Religion, Rights and Secular Society

Religion, Rights and Secular Society

European Perspectives

Edited by Peter Cumper and Tom Lewis

The expectations of many that religion in modern Europe would be swept away by the powerful current of secularization have not been realised, and today few topics generate more controversy than the complex relationship between religious and secular values. The ‘religious/secular’ relationship is examined in this book, which brings together scholars from different parts of Europe and beyond to provide insights into the methods by which religion and equivalent beliefs have been, and continue to be, protected in the legal systems and constitutions of European nations. The contributors’ chapters reveal that the oft-tumultuous legacy of Europe’s relationship with religion still resonates across a continent where legal, political and social contours have been powerfully shaped by faith and religious difference.

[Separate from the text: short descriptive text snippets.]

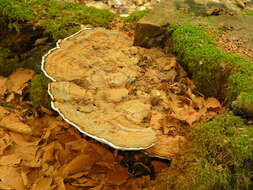 Ganoderma applanatum的圖片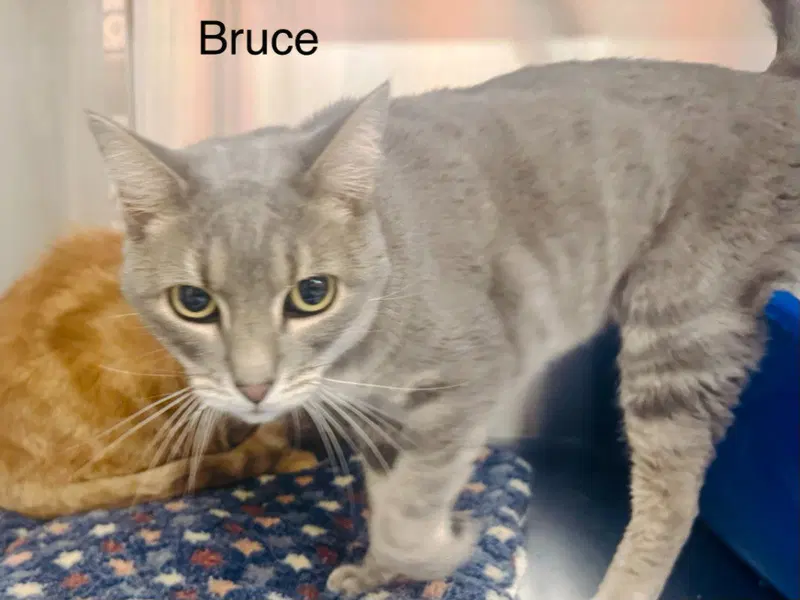 Bruce, an adult male Tabby cat up for adoption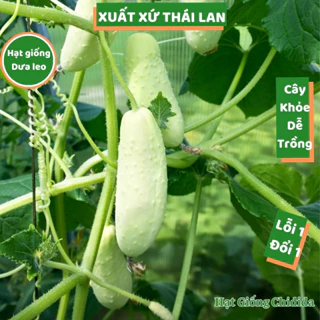 Hạt giống dưa leo Thái Lan dưa chuột baby trắng sai trái quả giòn ngọt cây khỏe chịu nhiệt dễ trồng Hạt giống Chidida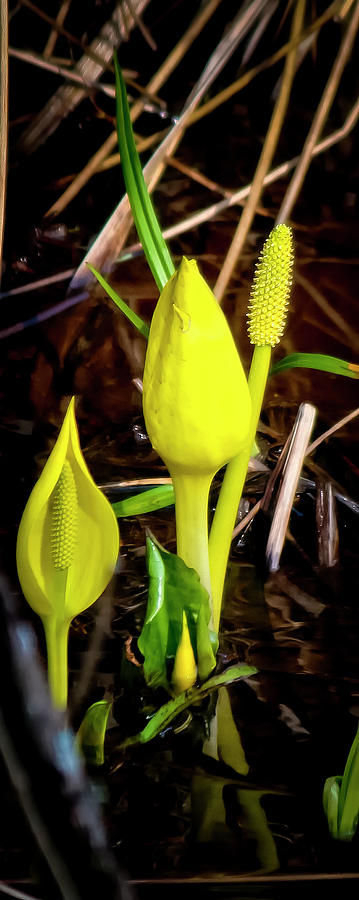 Skunk Cabbage Photograph by Albert Seger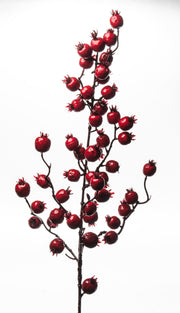ARPIMEX Tralcio Natale Bacche 80 Cm Rosso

Chapter 4: Law, religion and belief in Germany

Gerhard Robbers

Subjects: law - academic, european law, human rights, politics and public policy, human rights


The German Federal Constitution starts with the words: ‘Conscious of their responsibility before God and man, inspired by the determination to promote world peace as an equal partner in a united Europe, the German people, in the exercise of their constituent power, have adopted this Basic Law.’ This invocatio dei in the preamble of the Constitution makes reference to the idea of God; it is not an advocatio dei, which would directly place the Constitution under the will of God, as is the case with many other countries’ constitutions such as those of Ireland and Greece. The preamble does not restrict its reference to the Christian idea of God. It would have been inconceivable that in 1949, after the murder of the Jews by the Germans and in the attempt to reconnect Germany with its pre- Nazi and anti-Nazi good traditions, the new German constitution should have excluded the Jewish idea of God. It is generally understood that the preamble of the Basic Law does not refer to any particular religious vision of God (be it the Christian, Jewish or Muslim one), or any other specific concept of God.